● Recorded data
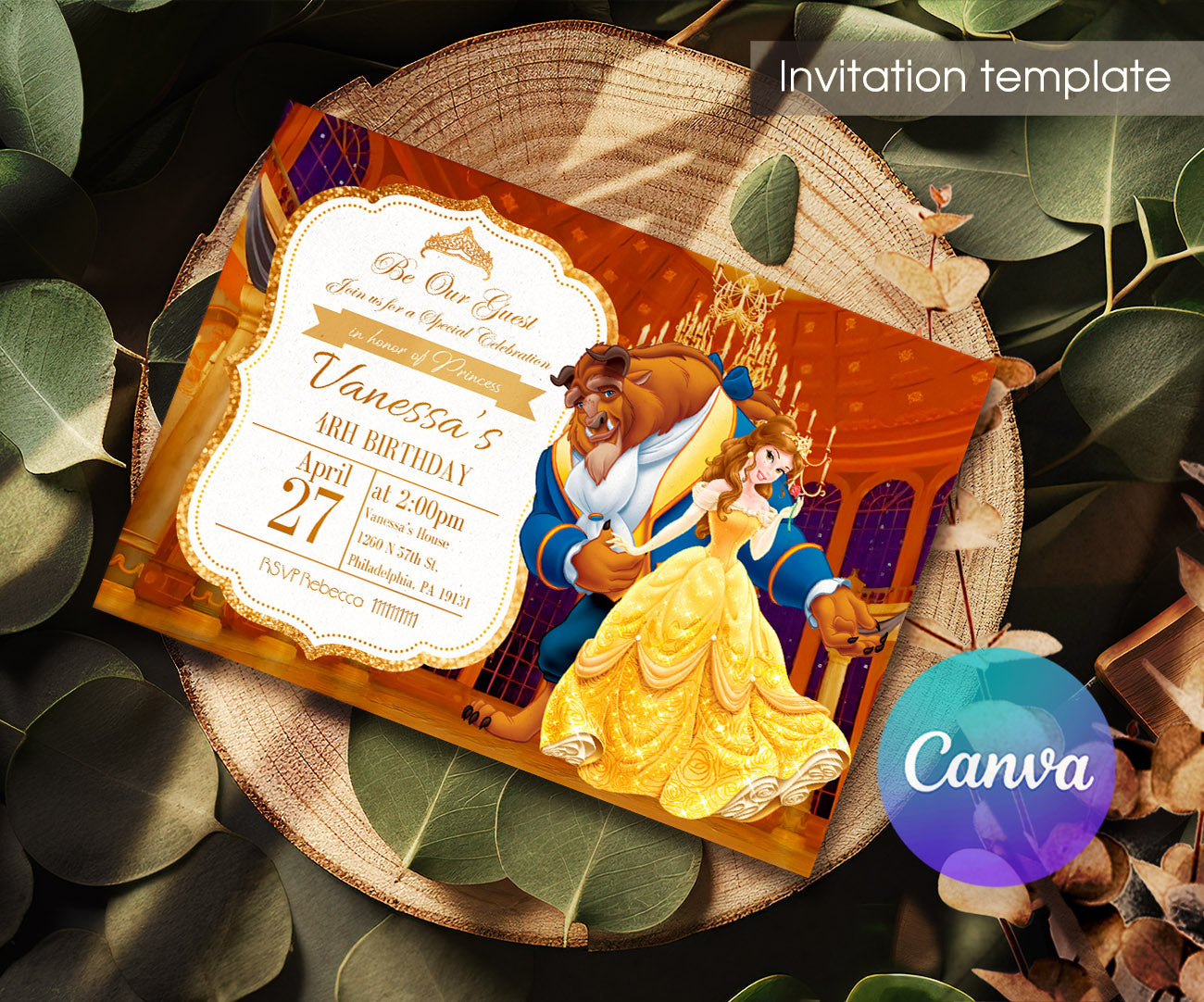 Belle Beauty And The Beast customizable invitation template | Share or Print | girl | OZ695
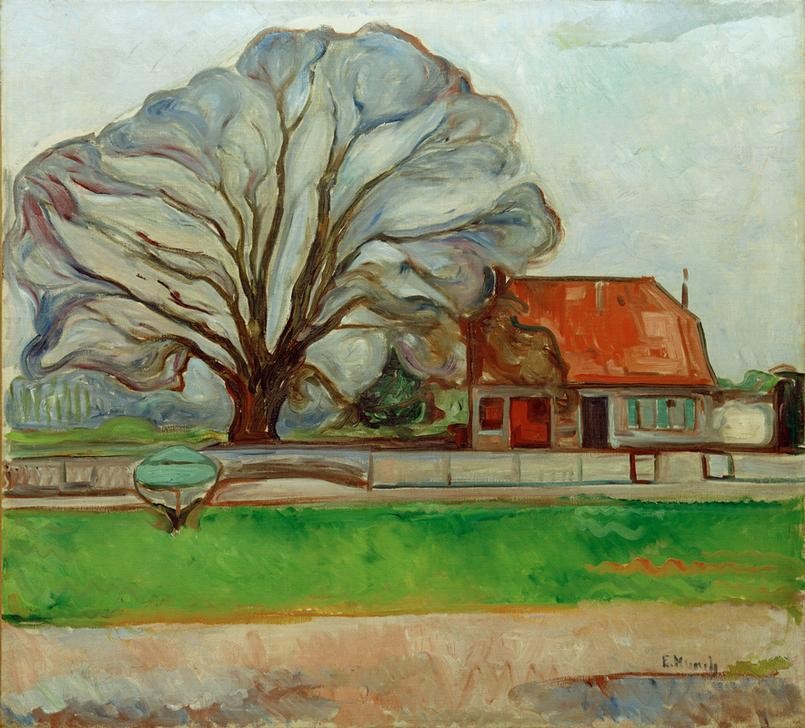 Edvard Munch, Baum über dem roten Dach (Haus,Jugendstil,Kahn,Kunst,Landschaft,Wohnhaus (Allgemein),Baum,Expressionismus,Vedute,Norwegische Kunst,Ansicht,Skandinavische Kunst)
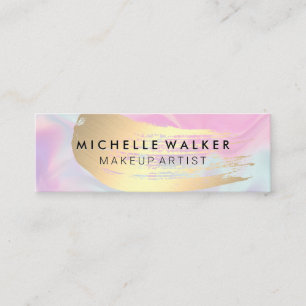 Gold Metallic Brush Stroke Pastel Liquid Blend Mini Business Card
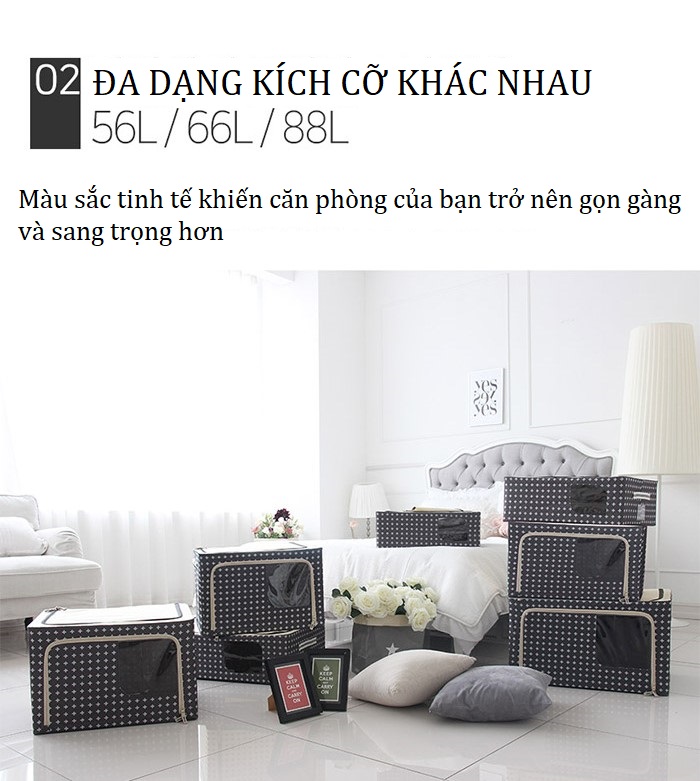 COMBO 2 TÚI ĐỰNG QUẦN ÁO KHUNG THÉP 66L-LIVING BOX 66L - Giao mẫu ngẫu nhiên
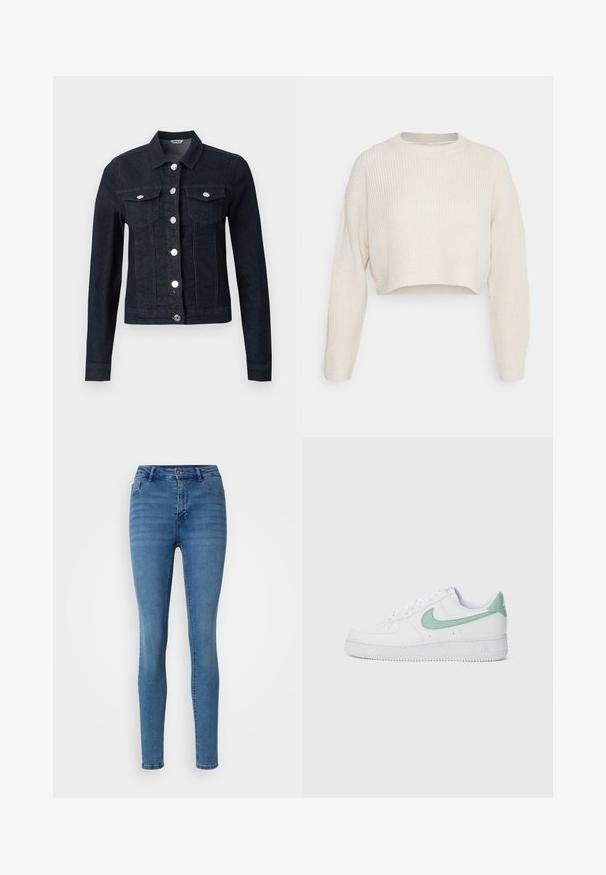 Mørkeblå denimjakke med lange ærmer, sølvknapper foran og to brystlommer med klap og knaplukning.; Afklippet sweater i off-white med ribbet tekstur, rund halsudskæring og lange, let oversized ærmer.; Slim-fit blå jeans lavet af denim, med et klassisk fem-lomme design, knaplukning og let falmning for teksturvariation.; Hvide lædersneakers med en mintgrøn Nike swoosh og hæltab, tekstureret ydersål og klassisk snørebåndsdesign.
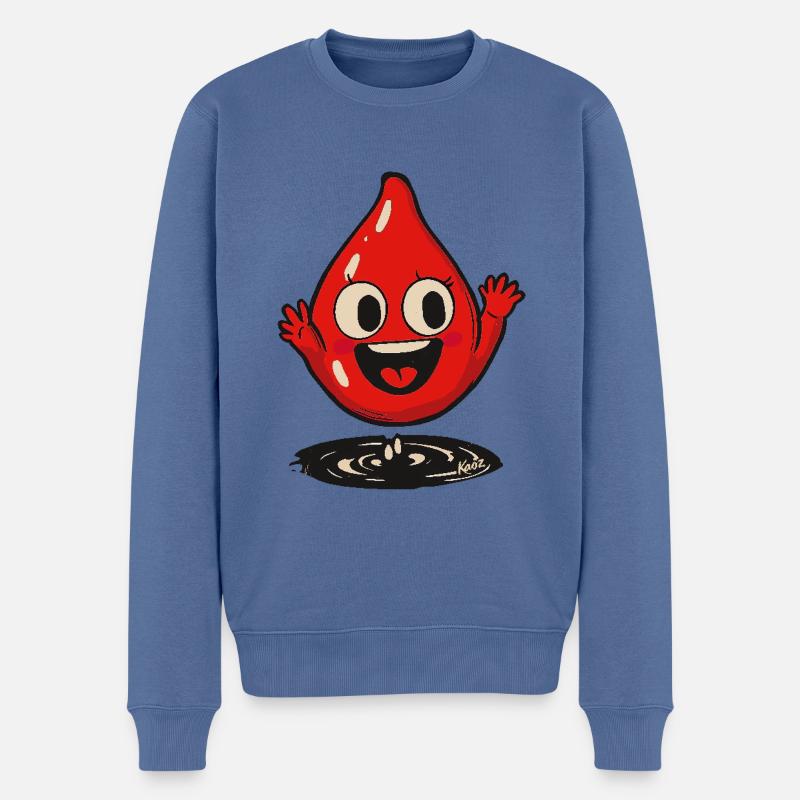 Rouge Drôle Happy Drop - Pull Premium bio Homme - bleu pigeon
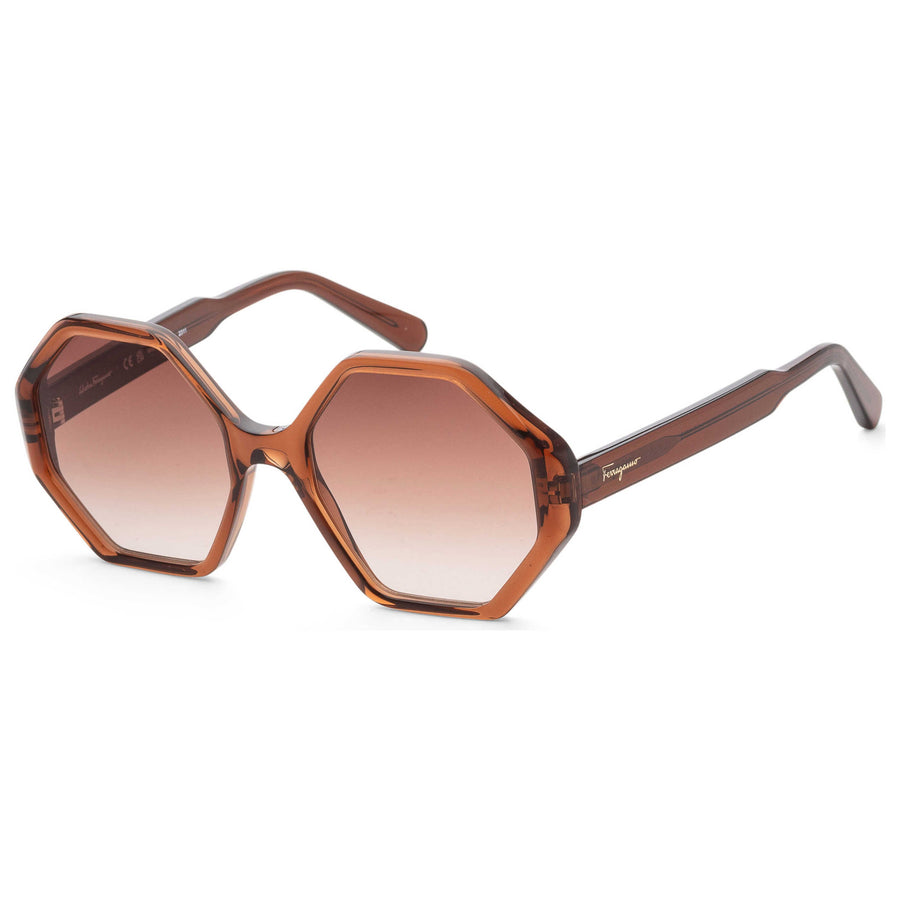 Ferragamo Womens 55mm Crystal Brown Sunglasses Sf1070s-210 One Color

● PROMPT
Set down each entry above exactly as it appears. Omit the pictures.

● COMPLETED EXERCISE
 Belle Beauty And The Beast customizable invitation template | Share or Print | girl | OZ695
 Edvard Munch, Baum über dem roten Dach (Haus,Jugendstil,Kahn,Kunst,Landschaft,Wohnhaus (Allgemein),Baum,Expressionismus,Vedute,Norwegische Kunst,Ansicht,Skandinavische Kunst)
 Gold Metallic Brush Stroke Pastel Liquid Blend Mini Business Card
 COMBO 2 TÚI ĐỰNG QUẦN ÁO KHUNG THÉP 66L-LIVING BOX 66L - Giao mẫu ngẫu nhiên
 Mørkeblå denimjakke med lange ærmer, sølvknapper foran og to brystlommer med klap og knaplukning.; Afklippet sweater i off-white med ribbet tekstur, rund halsudskæring og lange, let oversized ærmer.; Slim-fit blå jeans lavet af denim, med et klassisk fem-lomme design, knaplukning og let falmning for teksturvariation.; Hvide lædersneakers med en mintgrøn Nike swoosh og hæltab, tekstureret ydersål og klassisk snørebåndsdesign.
 Rouge Drôle Happy Drop - Pull Premium bio Homme - bleu pigeon
 Ferragamo Womens 55mm Crystal Brown Sunglasses Sf1070s-210 One Color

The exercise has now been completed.